Burgundy / White / Chardonnay / Organic




Maison Valette



Wine Type





Macon-Chaintré AOC, Burgundy







From vines with an average age of 65 years, planted on silty-clay soils. Harvest is manual, the grapes picked at perfect maturity during a descending moon into five kilo crates. Once at the winery they are whole-bunch pressed, whereupon the juice flows directly by gravity into casks with the lees and ferments with native yeasts. Elevage is 26-months months on fine lees, 80% in used oak and 20% in tank. The wine is not filtered or fined and no sulphur is added. Really textural with a lovely play between saltyness and minerality. Gives a new style to Macon-Chaintré.

Notes on the Producer

Maison Valette, based in Chaintré in the south of Burgundy between Mâcon and Beaujolais, comprises 8.5 hectares and is run by one of the region’s steadfastly independent families who have worked the estate for three successive generations, first as tenants and now today as owners. The day to day running of the estate is mostly handled by Gérard’s sons Philippe and Baptiste.

After finishing wine school in 1990, Philippe Valette made the decision to convert the vineyards to organics. The next two years were full of trial and error considering his wine education never included anything about organic viticulture.  Valette eschews chemicals in their viticulture in favour of careful nurturing of the soils and vines. In order to obtain ‘terroir’ wines, they do a great deal of work on the microbial life of the soil, so that the vines will thrive there.
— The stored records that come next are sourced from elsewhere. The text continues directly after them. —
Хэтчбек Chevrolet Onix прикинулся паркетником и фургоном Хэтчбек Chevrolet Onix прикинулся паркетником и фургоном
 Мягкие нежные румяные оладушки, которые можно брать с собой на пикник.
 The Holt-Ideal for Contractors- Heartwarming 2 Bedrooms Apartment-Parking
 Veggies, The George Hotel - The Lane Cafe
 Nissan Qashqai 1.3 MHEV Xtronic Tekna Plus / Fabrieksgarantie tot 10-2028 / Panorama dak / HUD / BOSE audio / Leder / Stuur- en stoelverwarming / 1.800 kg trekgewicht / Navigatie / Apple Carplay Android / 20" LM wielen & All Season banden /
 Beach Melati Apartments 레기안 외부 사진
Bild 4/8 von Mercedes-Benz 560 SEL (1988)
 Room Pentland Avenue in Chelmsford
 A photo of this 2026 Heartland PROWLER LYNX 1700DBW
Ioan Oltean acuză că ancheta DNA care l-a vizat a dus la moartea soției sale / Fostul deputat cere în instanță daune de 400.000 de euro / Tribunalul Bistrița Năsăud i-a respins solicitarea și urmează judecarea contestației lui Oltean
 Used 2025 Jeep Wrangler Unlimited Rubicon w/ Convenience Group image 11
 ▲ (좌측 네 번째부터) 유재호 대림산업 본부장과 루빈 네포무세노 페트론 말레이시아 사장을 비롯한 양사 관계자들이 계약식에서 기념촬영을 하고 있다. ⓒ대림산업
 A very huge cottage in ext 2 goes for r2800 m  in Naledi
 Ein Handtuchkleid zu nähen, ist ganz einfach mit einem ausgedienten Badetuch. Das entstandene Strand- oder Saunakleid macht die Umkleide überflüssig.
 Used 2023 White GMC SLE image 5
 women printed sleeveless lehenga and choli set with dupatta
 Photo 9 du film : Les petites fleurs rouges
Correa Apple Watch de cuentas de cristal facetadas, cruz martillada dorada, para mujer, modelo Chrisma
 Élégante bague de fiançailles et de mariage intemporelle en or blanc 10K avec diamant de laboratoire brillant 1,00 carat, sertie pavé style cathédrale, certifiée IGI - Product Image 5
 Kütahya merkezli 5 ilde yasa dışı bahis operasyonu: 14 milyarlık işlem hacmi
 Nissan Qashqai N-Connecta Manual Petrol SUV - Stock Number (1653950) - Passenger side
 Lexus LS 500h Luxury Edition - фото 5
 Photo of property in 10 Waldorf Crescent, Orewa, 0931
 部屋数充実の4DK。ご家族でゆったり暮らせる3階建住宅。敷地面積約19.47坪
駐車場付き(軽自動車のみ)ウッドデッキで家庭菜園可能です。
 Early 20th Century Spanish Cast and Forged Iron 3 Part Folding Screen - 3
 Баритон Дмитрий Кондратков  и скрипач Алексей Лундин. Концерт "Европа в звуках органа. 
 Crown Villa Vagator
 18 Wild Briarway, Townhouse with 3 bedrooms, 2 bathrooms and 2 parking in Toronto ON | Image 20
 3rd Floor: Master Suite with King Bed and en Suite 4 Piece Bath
To achieve this, he aerates the soil by tilling or grassing, depending on the geographical and geological configuration of the plot. In this way, well-balanced grapes are obtained and they are left on the vines until they are perfectly ripe.

Harvesting is done by hand, in little crates; a gentle pneumatic press is used; work is done by gravity rather than pumps, followed by light settling, all without any sulphur. The wines undergo long yet subtle barrel ageing and are unfiltered, unfined, and unsulphured. Certain cuvées may even be subject to eight years of ageing, like their legendary Clos de Monsieur Noly. A level of density and complexity seldom reached in this region, sometimes complemented by beautiful oxidative notes, which, alas, are not always understood by the uninitiated.